Wpis z mikrobloga

@Desire22: Czy ja tu jakimkolwiek słowem obroniłem cokolwiek? Zwróciłem uwagę na olbrzymie datki publiczne na cyrki kościoła.

Właściwie mógłbym bronić tego tańca, bo była to część większej akcji zwrócenia uwagi na problem przemocy, co nie kosztowało budżetu nic, a uwagę właściwie zwróciło i nakręciło wiele komentarzy, również i o przemocy.
@976497: tak, broniłeś, zastosowałeś argument typu ,,A ty''.

co nie kosztowało budżetu nic, a uwagę zwróciło.

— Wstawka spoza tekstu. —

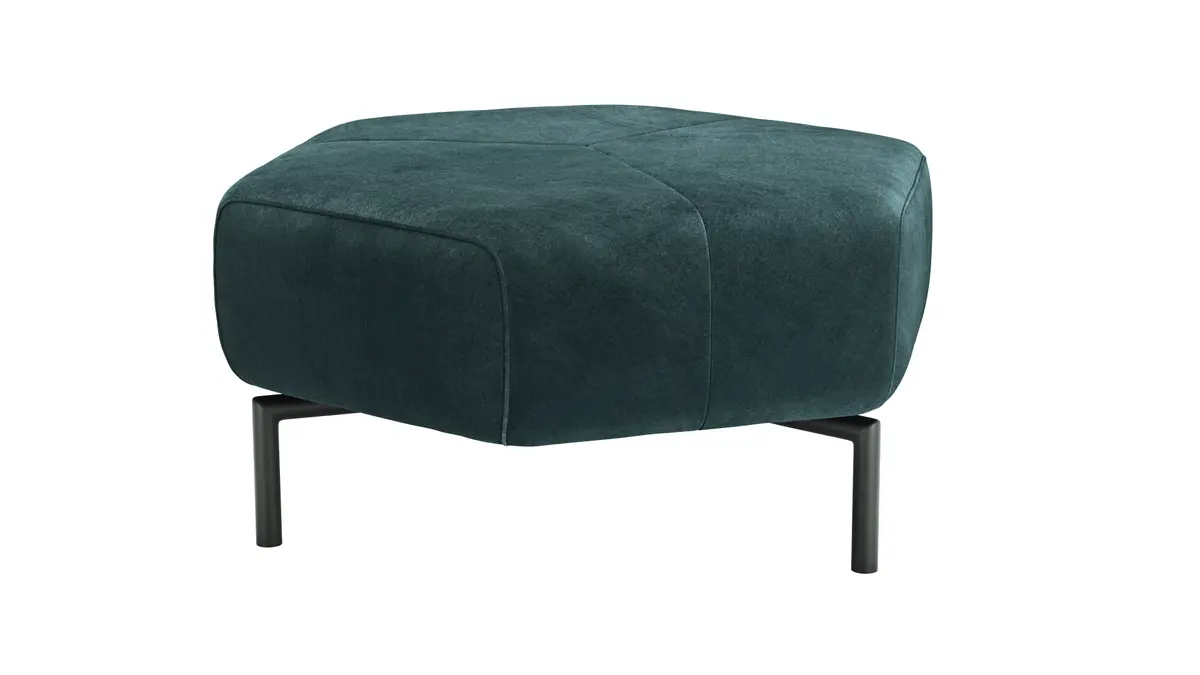 Hocker Franz - Stoff, Petrol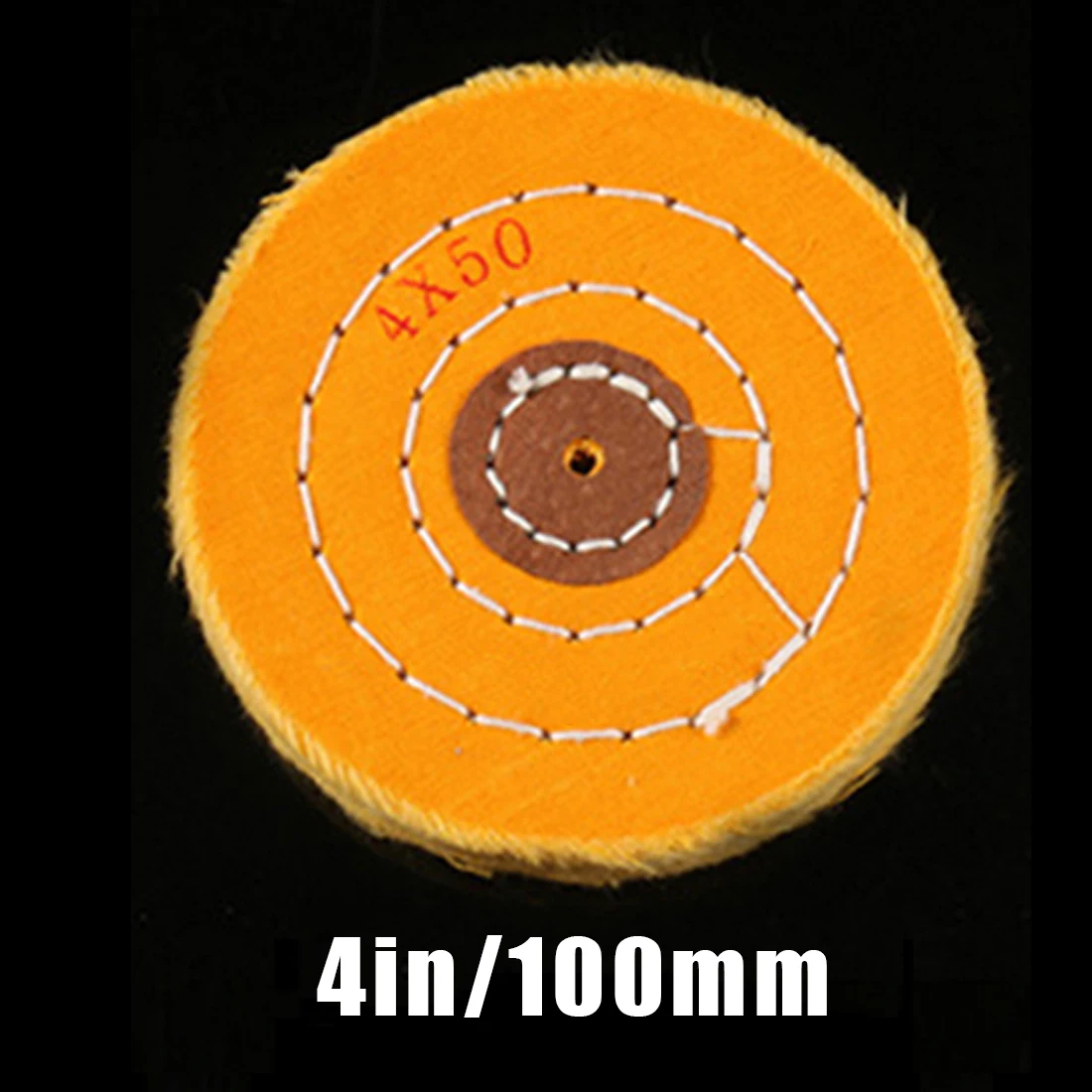Cotton Lint Polishing Wheel 38inch with 4mm Hole Diameter for Jewelry Metal Wood Plastic Ceramic and Hardware Polishing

@976497: na wykopie na pewno, ale nie na przemoc a na klaunow od przywilejów kobiet.
@Desire22:

broniłeś, zastosowałeś argument typu ,,A ty''


Wskazanie, to nie obrona. Sam sobie dopowiadasz brednie.
Jeśli ktoś napisze, że w jakimś miejscu pojawił zielony klocek, a ja napiszę, że w innym miejscu znajduje się klocek niebieski, to nie jest obrona zielonego ()

Przy tym co piszesz, nie ma sensu dalej komentować, bo wypisujesz kompletną sieczkę jak upośledzony.
@Desire22:

czy to się fachowo nie nazywa whataboutyzm?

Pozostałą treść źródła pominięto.